March 16 2014 Latest news:
Wednesday, December 11, 2013
A Huntingdon businessman who helped train 9,000 drivers for the London Olympics has started his own firm.
Les Hammond was working for Peak Performance, which was later bought by AA subsidiary DriveTech, when he was chosen with a daunting task – to train all the drivers for the 2012 games which would ferry athletes, LOCOG and IOC dignitaries and other officials between hotels and venues.
Mr Hammond handpicked 300 driving instructors to get the volunteer chauffeurs up to the right standard in time for the opening ceremony.
“I had to develop the training course and systems for mandatory checks, and picked and trained 300 people from 1,500 applicants to run the courses in each of the Olympic venues so they were trained to drive where they would chauffeur,” he said.
“It was a fantastic experience and probably my proudest achievement, so I thought if I can do that, why not start my own business.”

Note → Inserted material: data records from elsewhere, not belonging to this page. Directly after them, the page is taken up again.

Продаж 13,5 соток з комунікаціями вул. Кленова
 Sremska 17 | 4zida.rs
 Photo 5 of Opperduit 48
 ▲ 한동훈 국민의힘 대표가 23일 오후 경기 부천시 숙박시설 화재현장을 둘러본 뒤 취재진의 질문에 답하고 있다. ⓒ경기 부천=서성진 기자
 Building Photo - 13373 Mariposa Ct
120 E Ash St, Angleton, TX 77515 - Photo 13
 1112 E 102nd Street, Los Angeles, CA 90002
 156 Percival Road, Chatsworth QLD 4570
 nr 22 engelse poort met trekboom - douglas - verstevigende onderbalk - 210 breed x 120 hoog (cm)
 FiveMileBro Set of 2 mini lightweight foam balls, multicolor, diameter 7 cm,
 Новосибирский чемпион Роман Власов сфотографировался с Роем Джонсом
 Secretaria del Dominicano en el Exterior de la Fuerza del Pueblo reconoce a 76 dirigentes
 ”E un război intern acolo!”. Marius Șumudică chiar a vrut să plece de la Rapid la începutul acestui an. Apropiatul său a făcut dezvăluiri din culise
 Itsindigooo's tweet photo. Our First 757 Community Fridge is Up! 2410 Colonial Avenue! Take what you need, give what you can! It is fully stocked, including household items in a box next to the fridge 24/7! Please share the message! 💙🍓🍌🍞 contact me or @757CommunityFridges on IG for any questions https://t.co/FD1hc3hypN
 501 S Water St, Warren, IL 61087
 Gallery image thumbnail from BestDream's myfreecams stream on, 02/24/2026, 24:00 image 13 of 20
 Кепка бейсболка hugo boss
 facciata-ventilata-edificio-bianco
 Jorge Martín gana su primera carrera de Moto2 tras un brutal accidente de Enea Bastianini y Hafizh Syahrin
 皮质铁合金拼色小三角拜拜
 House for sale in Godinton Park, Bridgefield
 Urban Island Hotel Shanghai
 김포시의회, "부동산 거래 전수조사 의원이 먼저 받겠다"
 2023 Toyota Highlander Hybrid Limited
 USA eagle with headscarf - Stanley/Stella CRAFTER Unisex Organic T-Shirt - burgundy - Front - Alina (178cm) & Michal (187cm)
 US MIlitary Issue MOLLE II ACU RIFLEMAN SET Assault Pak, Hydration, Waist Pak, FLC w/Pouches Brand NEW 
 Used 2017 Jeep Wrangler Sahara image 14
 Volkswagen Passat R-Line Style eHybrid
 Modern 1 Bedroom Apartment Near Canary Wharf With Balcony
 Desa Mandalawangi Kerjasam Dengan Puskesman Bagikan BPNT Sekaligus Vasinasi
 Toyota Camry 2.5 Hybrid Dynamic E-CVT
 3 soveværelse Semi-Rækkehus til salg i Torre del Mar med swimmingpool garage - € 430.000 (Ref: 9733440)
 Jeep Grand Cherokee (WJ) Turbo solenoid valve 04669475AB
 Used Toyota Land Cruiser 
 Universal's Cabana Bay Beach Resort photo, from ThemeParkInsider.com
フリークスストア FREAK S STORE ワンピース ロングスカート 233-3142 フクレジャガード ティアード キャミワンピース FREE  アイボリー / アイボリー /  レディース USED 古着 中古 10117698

Driving Risk Matters was started last month and aims to help companies reduce the number of deaths and serious injuries on the road by helping become compliant to health and safety laws.
Mr Hammond said: “About 40 per cent of crashes where people are killed or seriously hurt involve a company car. I will visit a company and see what they must do, should do and could do to be compliant.
“It’s to make sure they are at the right standard and, if not, to get them there. Some companies will want to do more than is required and they will save more money in the long run.”
He added: “It’s about keeping drivers on the road because if a company has its best salesman off the road, they can’t sell. For example, if someone has nine points on their licence I will look at ways to prevent them from picking up more points to see if they need extra training or whether they are under pressure to get between meetings. I will suggest that the employer could look at ways to conduct meetings over the phone.”
Mr Hammond is in talks with a number of firms, including an international company with 48,000 drivers in more than 39 countries and a managing director who is 92 years old and whose staff is worried about his driving.